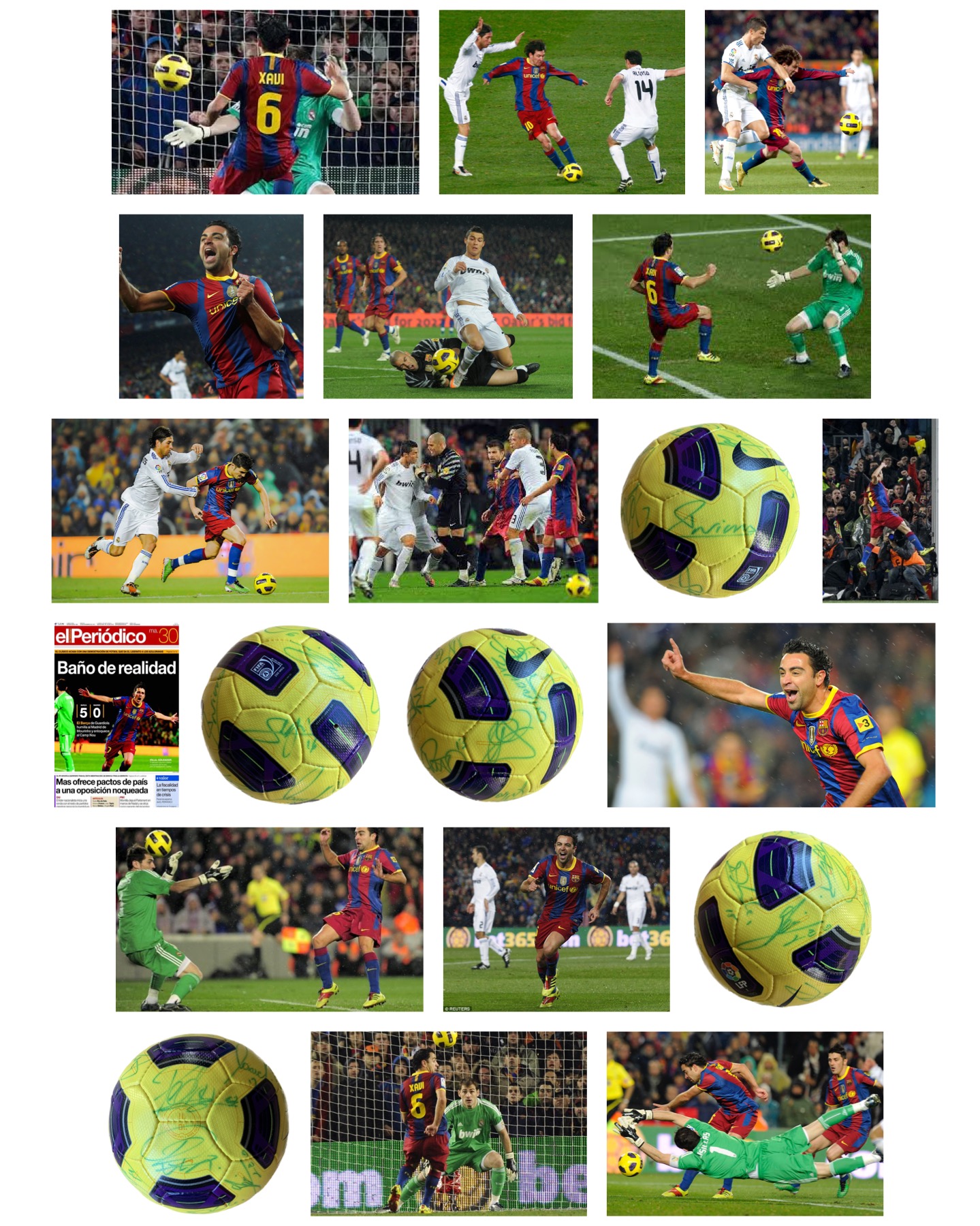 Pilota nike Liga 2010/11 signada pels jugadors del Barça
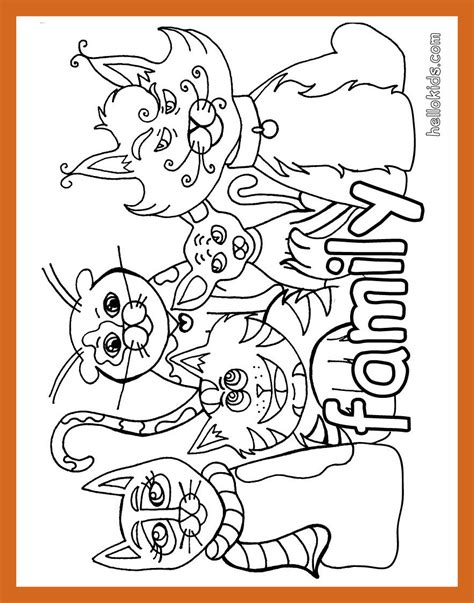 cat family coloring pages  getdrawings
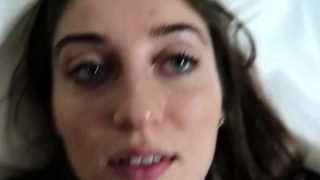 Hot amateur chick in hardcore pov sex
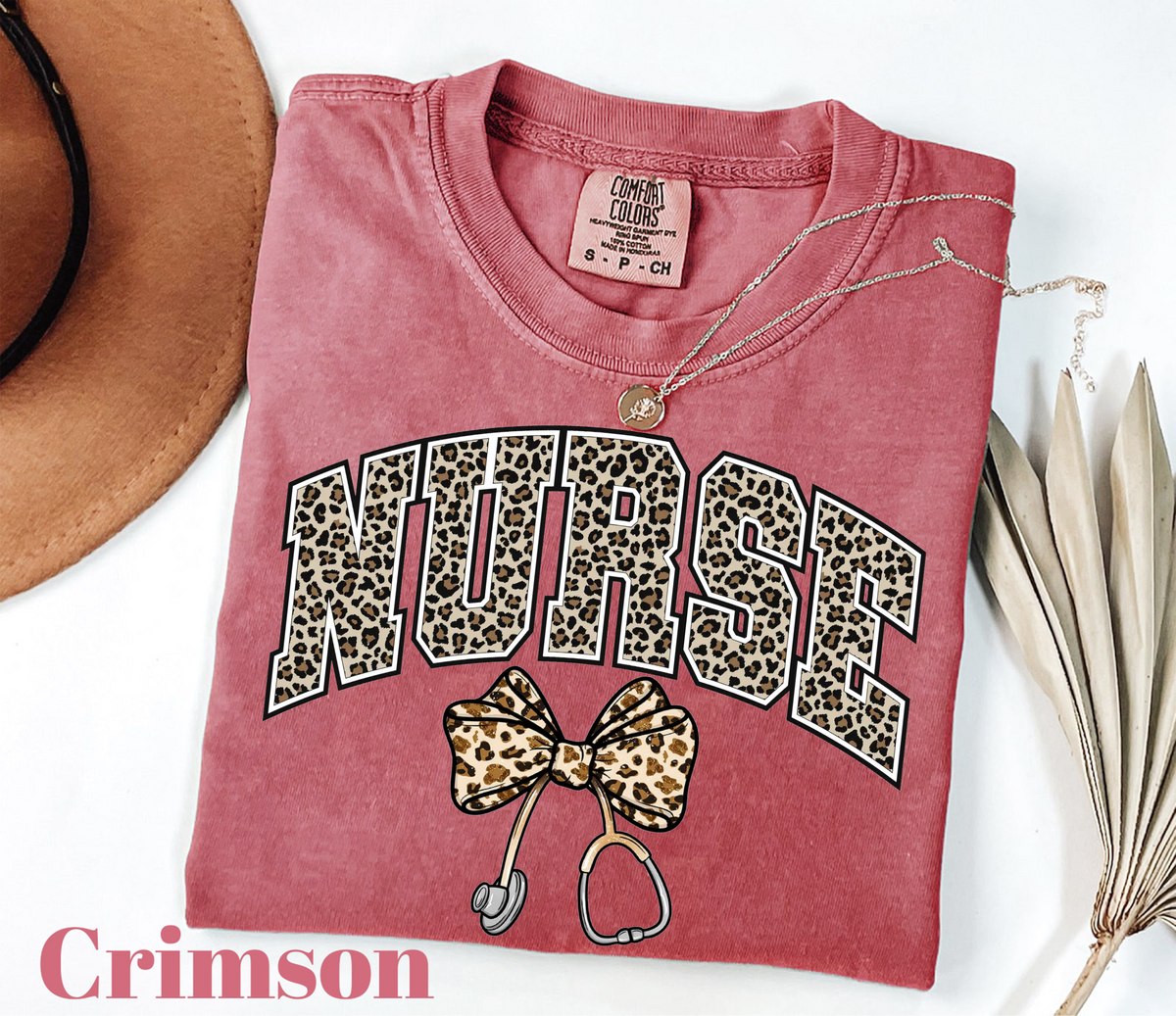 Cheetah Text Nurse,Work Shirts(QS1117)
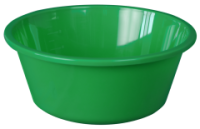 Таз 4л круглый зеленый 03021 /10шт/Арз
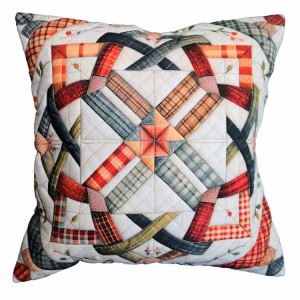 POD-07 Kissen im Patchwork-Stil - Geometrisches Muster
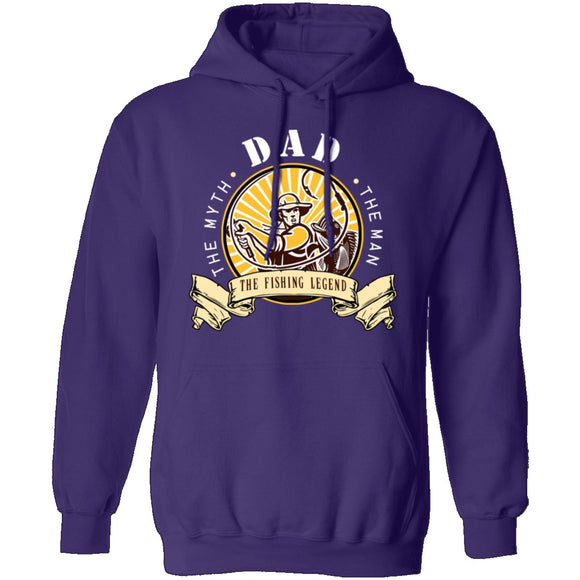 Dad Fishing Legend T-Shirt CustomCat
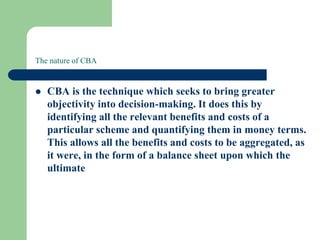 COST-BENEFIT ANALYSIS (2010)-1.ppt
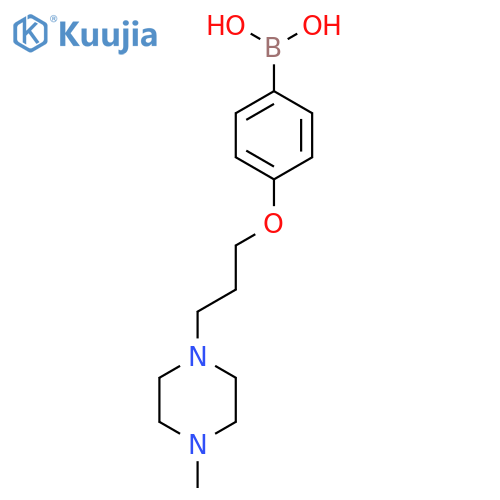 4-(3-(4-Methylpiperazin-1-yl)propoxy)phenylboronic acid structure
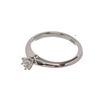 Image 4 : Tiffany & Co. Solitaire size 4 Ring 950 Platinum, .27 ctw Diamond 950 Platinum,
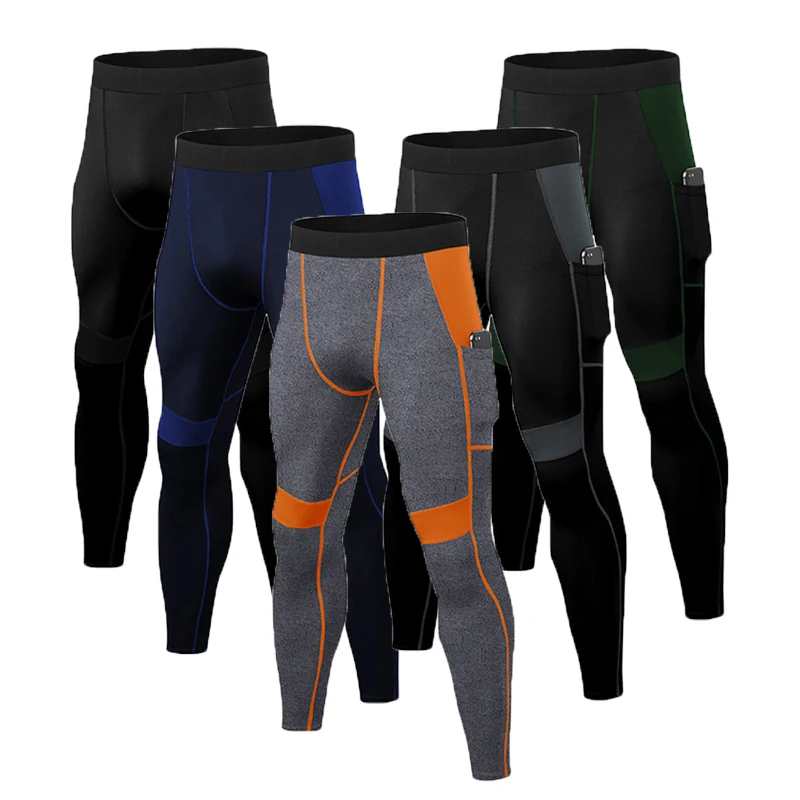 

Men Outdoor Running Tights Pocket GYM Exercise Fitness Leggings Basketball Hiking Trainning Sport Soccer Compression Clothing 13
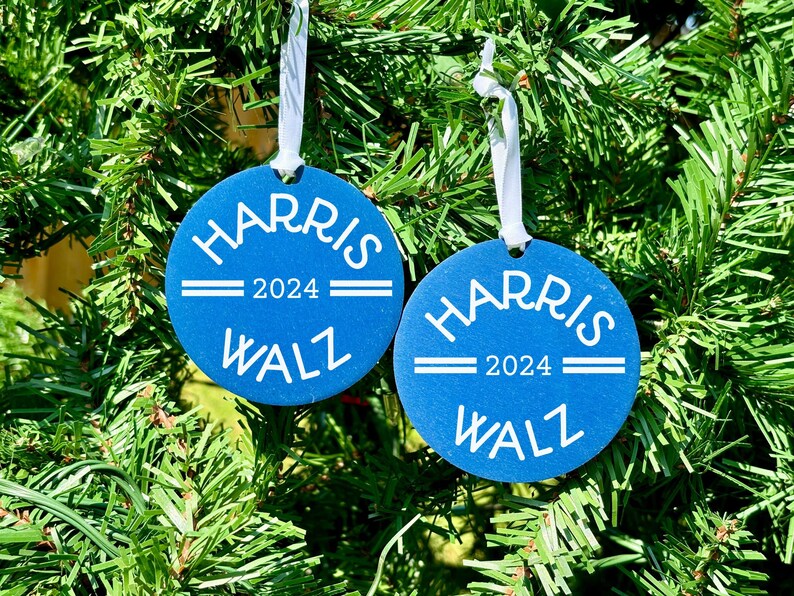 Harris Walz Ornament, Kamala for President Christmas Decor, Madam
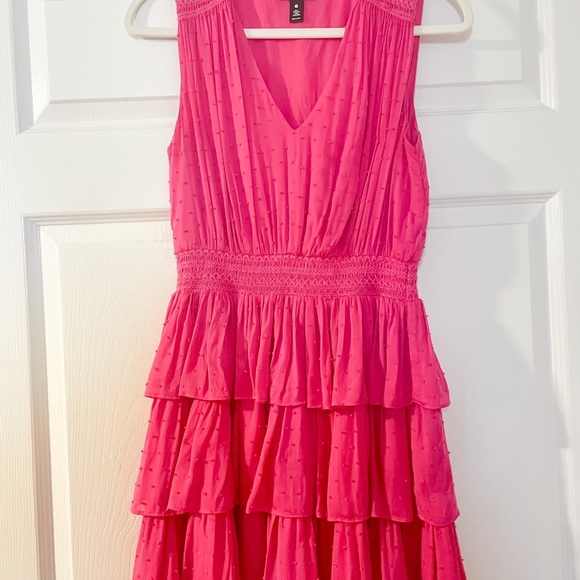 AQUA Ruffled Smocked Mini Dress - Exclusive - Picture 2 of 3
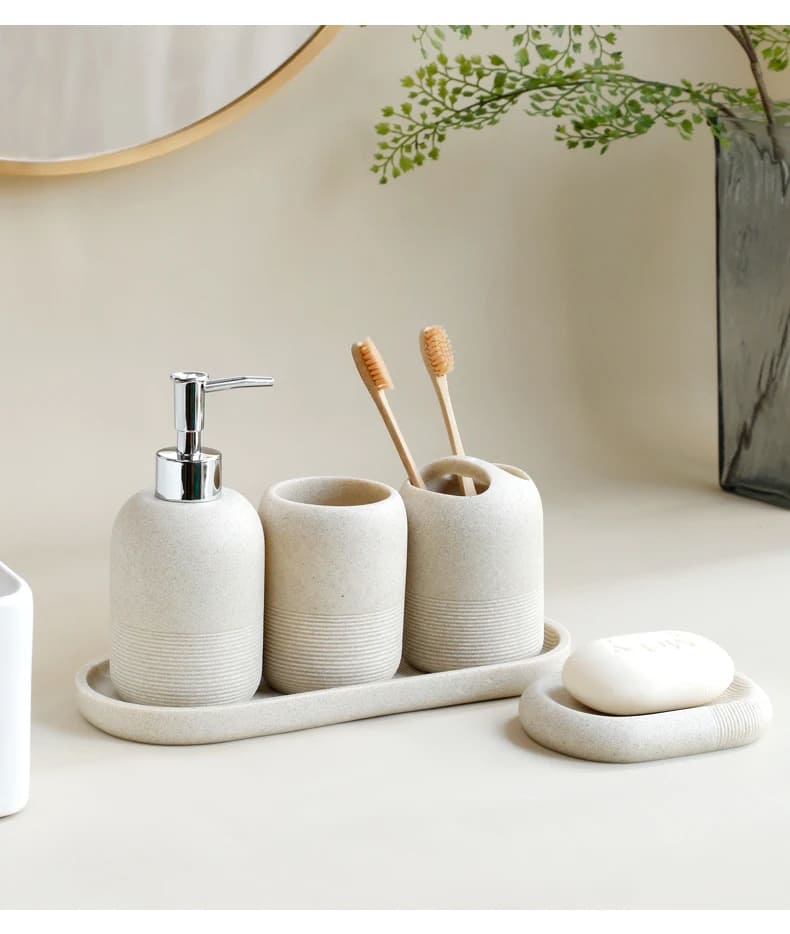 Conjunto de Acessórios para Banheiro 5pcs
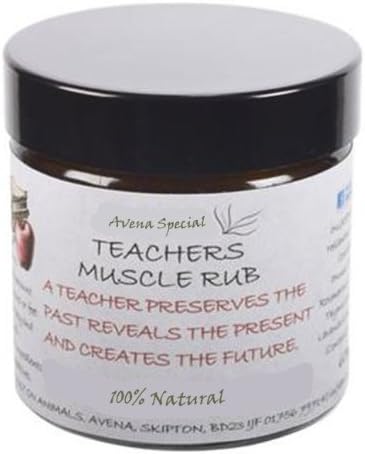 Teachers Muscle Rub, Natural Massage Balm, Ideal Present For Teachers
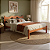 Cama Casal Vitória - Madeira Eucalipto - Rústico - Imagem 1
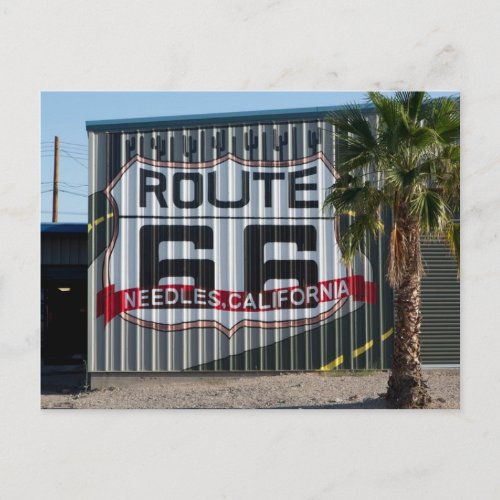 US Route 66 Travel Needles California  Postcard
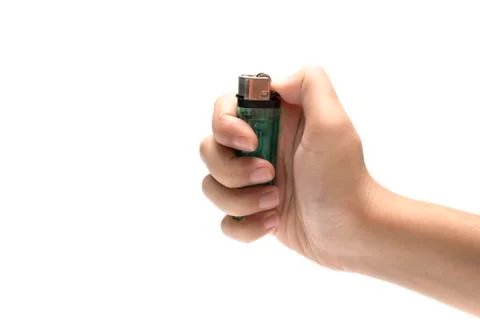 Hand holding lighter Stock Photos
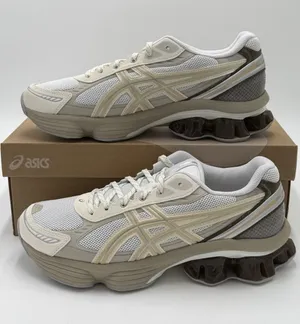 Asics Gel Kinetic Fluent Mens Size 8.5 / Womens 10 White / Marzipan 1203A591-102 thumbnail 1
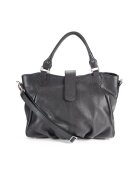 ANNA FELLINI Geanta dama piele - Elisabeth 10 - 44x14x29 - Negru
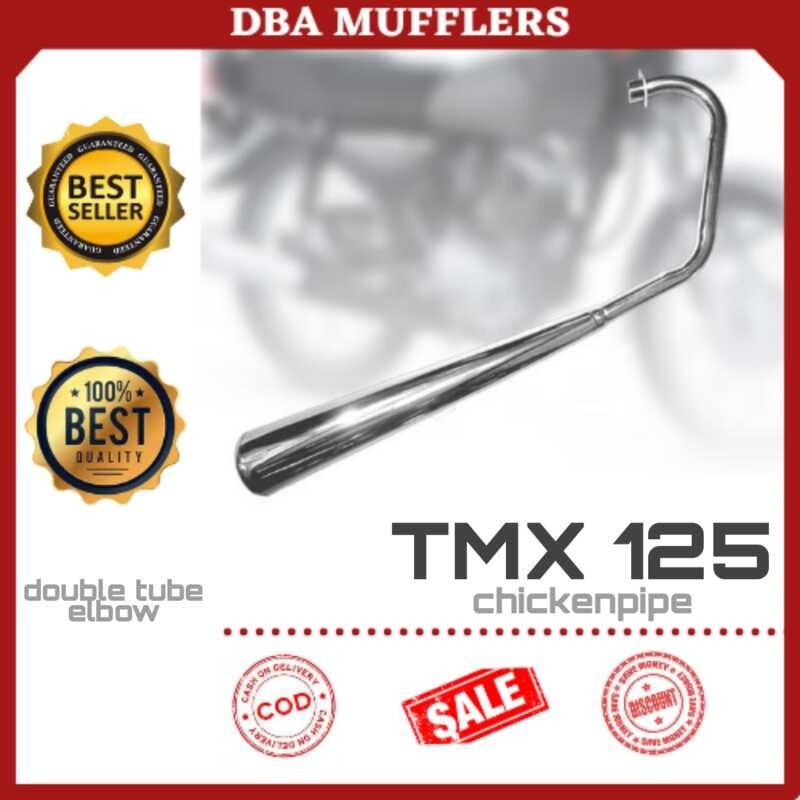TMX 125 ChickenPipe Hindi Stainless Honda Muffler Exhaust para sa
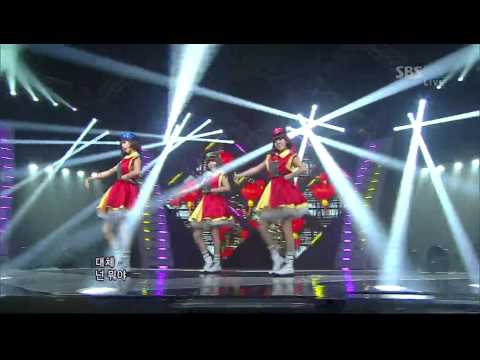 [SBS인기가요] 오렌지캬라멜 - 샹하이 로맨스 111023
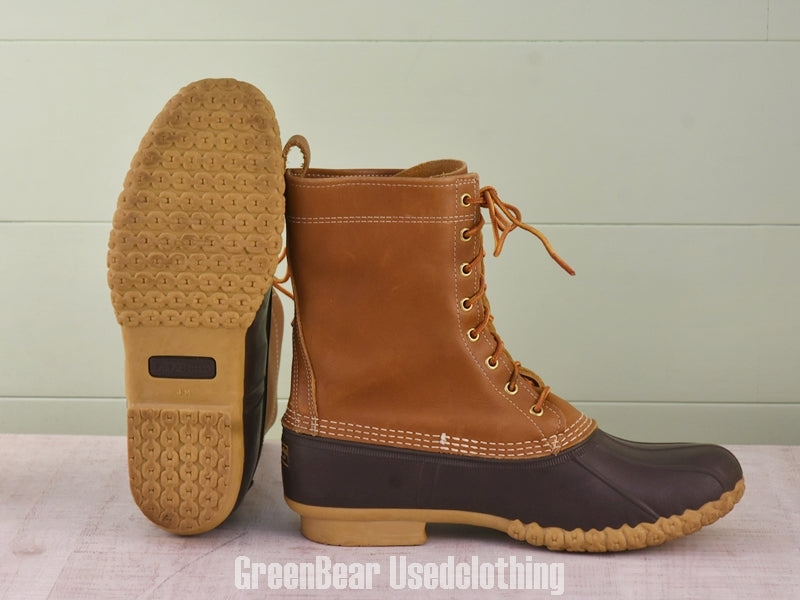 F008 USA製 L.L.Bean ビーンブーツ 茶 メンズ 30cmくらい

* **Aim of the task**:
In the data above, start at the line holding "Men Outdoor Running" and stop after the line holding "Conjunto de Acessórios para Banheiro 5pcs"; write out those lines exactly, without pictures.

* **Your solution**:
Men Outdoor Running Tights Pocket GYM Exercise Fitness Leggings Basketball Hiking Trainning Sport Soccer Compression Clothing 13
 Harris Walz Ornament, Kamala for President Christmas Decor, Madam
 AQUA Ruffled Smocked Mini Dress - Exclusive - Picture 2 of 3
 Conjunto de Acessórios para Banheiro 5pcs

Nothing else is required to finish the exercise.